Lugansk e Donetsk, città in ginocchio. Da giorni senza elettricità e acqua corrente. Centri importanti dell’Ucraina orientale, smembrati, con la popolazione terrorizzata, nascosta, alla ricerca di cibo o in fuga. Per chi rimane, le alternative sono due: rischiare la vita sotto i colpi dei bombardamenti, oppure patire la fame e una vita d’inferno; persone catapultate fuori da una quotidianità mai così preziosa, come quando si palesa la constatazione della sua messa a soqquadro.

Le condizioni economiche del paese sono devastate; chissà quando si faranno i conti finali, a quale macabro riepilogo di morti assisteremo, quante saranno le vittime civili (ad ora secondo i dati dell’Onu sono almeno oltre un migliaio) quanti i soldati morti, quanti gli edifici da ricostruire, le vie da risistemare e le vite da ripensare. Ieri un bombardamento ha di nuovo ucciso un bambino e la sua famiglia. Le immagini sono drammatiche, come in ogni guerra, non solo in Ucraina. Ma per quanto si tratti della parte orientale del paese, tutto accade vicino a noi, all’Europa; anzi proprio in quella terra che dovrebbe costituire un ponte tra Vecchio continente e Asia.

Regione da ricostruire, e quale regalo migliore se non un prestito europeo promesso dalla cancelliera tedesca? Senza che si faccia menzione, naturalmente, sulle cause della distruzione: una guerra nata da una «rivolta» su cui l’Europa e la Nato hanno soffiato abilmente. Una vita fa, ormai. E così Merkel si può permettere di arrivare a Kiev come una sorta di salvatrice della patria («il nostro avvocato in Europa», ci ha scherzato su quel burlone di Poroshenko) annunciando 500 milioni di euro dall’Unione europea, «per la ricostruzione del Donbass», distrutto dai mortai e dai bombardamenti dell’esercito ucraino, cui hanno risposto i ribelli delle regioni orientali, presumibilmente supportati, di sicuro all’inizio, da Putin.

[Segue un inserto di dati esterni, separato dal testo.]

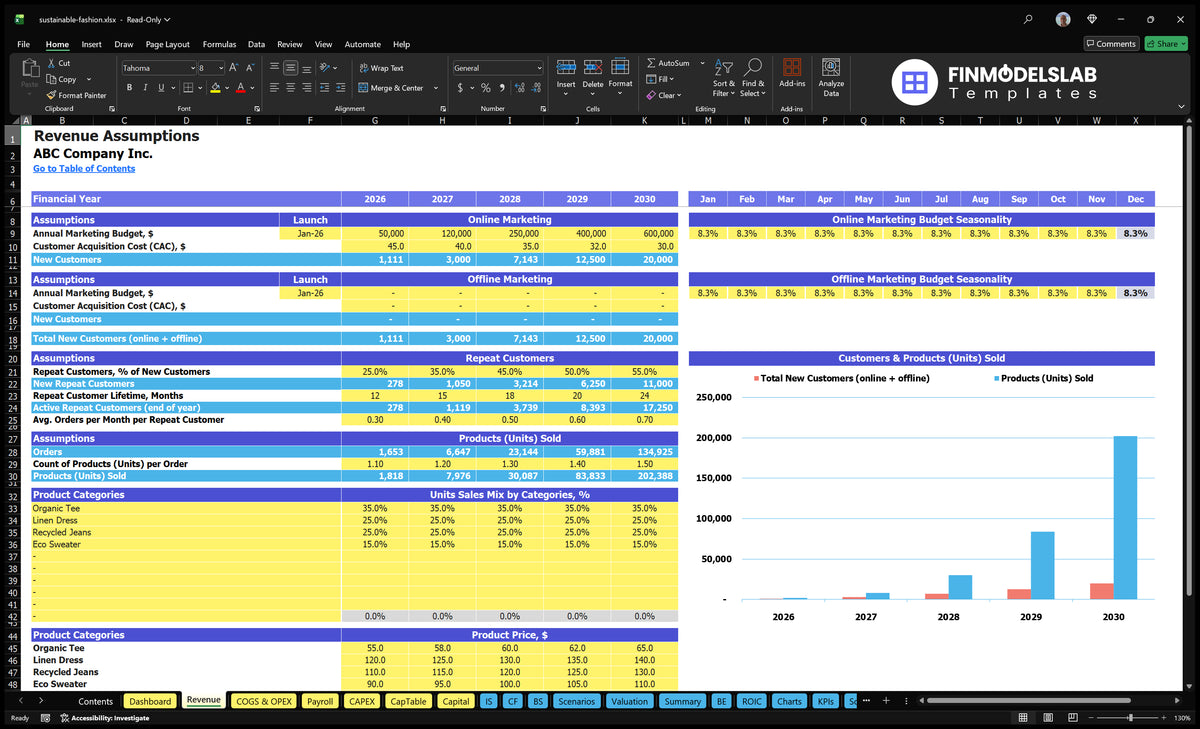 Revenue sheet assumptions showing online and offline marketing budgets, CAC, repeat customers, orders, sales mix of product categories, prices and customer and unit charts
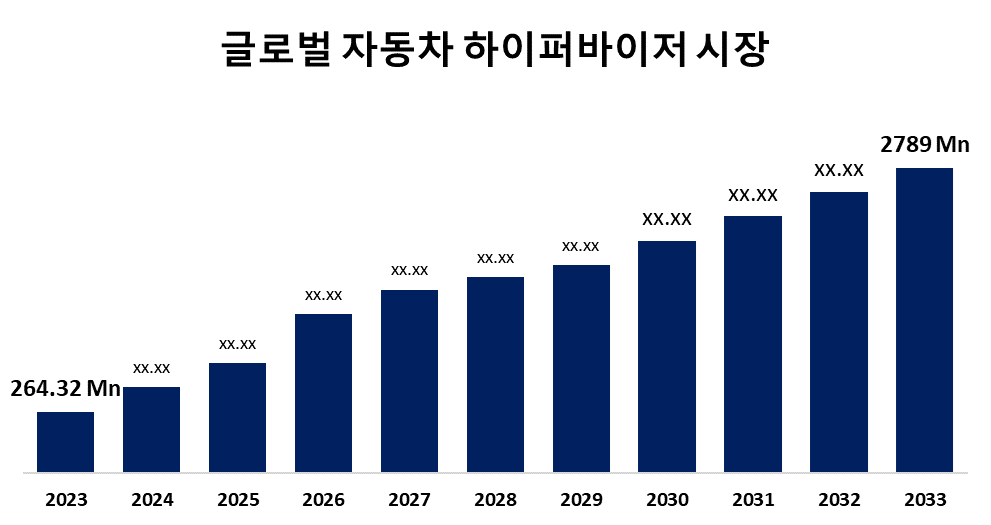 글로벌 자동차 하이퍼바이저 시장 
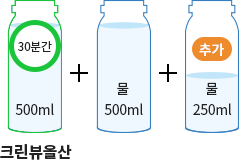 검사 당일 아침, 이전과 동일하게 복용합니다. (이후에도 추가적인 물 복용으로 탈수를 예방합니다.)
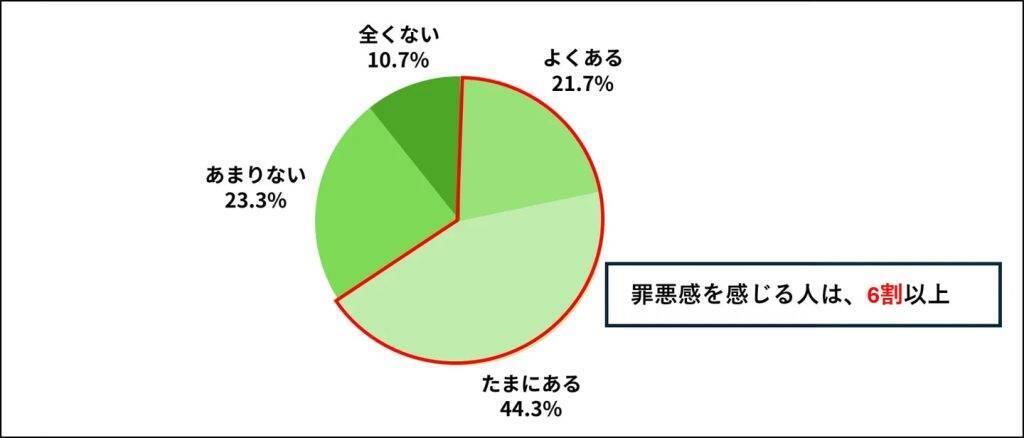 大掃除で1年以上使っていないモノが出てきた人は81.0％、処分できたのは28.4％にとどまる結果に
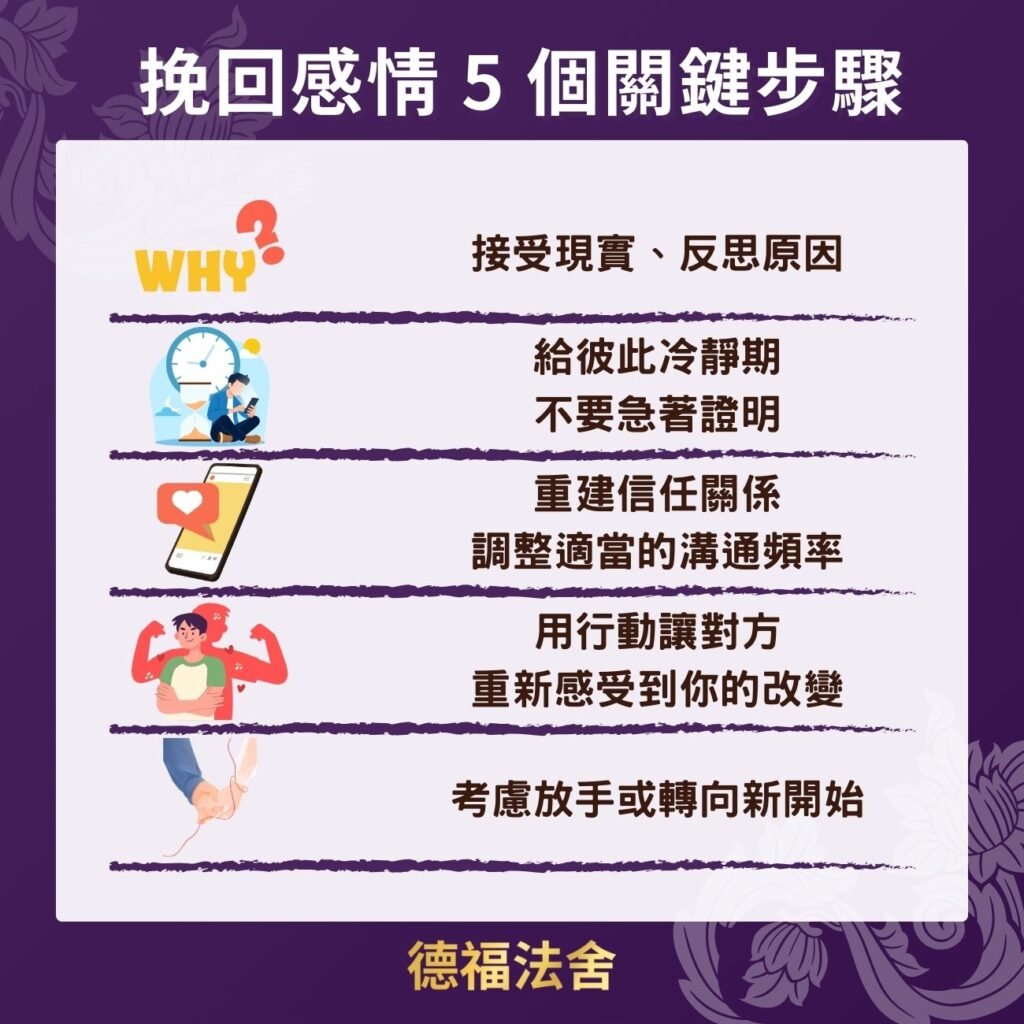 挽回感情5個關鍵步驟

E lui, lo zar di Mosca, ieri ha posto il suo sigillo sulla giornata. Forse in onore della visita di Merkel a Kiev, ha fatto tornare indietro gli oltre 200 autotreni contenenti materiale di aiuto alla popolazione delle regioni orientali. Quella che per Kiev, Nato ed europei, era stata annunciata come «l’invasione russa», è durata come un ghiacciolo nel deserto. Ci sono dubbi, naturalmente, su cosa contenessero quei tir, ma sicuro le popolazioni del Donbass avranno gradito generi di prima necessità.

Del resto anche gli osservatori dell’Osce hanno annunciato il ritiro, senza denunciare la presenza a bordo dei camion, come da un moderno cavallo di Troia, di soldati russi pronti a sparare. Putin ha ottenuto la Crimea e una situazione generale in Ucraina, che al momento allontana lo spettro di un’adesione alla Nato. Probabilmente gli basta, e gli va bene così. Non ha bisogno di un atto unilaterale, capace di stravolgere equilibri sottili.

Proprio la Merkel, in un gioco di messaggi incrociati, pare avere capito l’antifona. A Putin che fa tornare i convogli in Russia, ha risposto sottolineando che non sono all’ordine del giorno nuove sanzioni contro la Russia. La questione, ora, è diplomatica da un lato, concentrata sul prossimo incontro a Minsk tra Russia e Ucraina, e militare dall’altro, con l’esercito di Kiev impegnato in una dura offensiva, che non sembra però potersi concludere a breve.

I messaggi di Merkel hanno anche tratteggiato una possibile linea europea per un negoziato – se mai sarà possibile – di pace. La cancelliera tedesca ha ricordato che «bisogna essere in due per avere successo. Non si può fare la pace da soli. Mi auguro che le discussioni con la Russia portino alla pace». Merkel, ricordando il summit che si terrà martedì a Minsk, cui parteciperanno il presidente ucraino, quello russo e rappresentanti dell’Ue, ha precisato che «le proposte sono sul tavolo, bisogna tradurle in azione».

Non sarà possibile tornare alla calma nell’est del Paese, ha concluso la cancelliera, senza un migliore controllo del confine russo-ucraino, anche «con l’utilizzo dei droni». Merkel ha infine sottolineato come l’unità del paese sia fuori discussione, parlando di «decentramento». Ha così corretto un suo funzionario che aveva parlato di «federalismo», ovvero il piano russo per la fase successiva. Un favore lessicale a Putin, cui Merkel ha subito rimediato.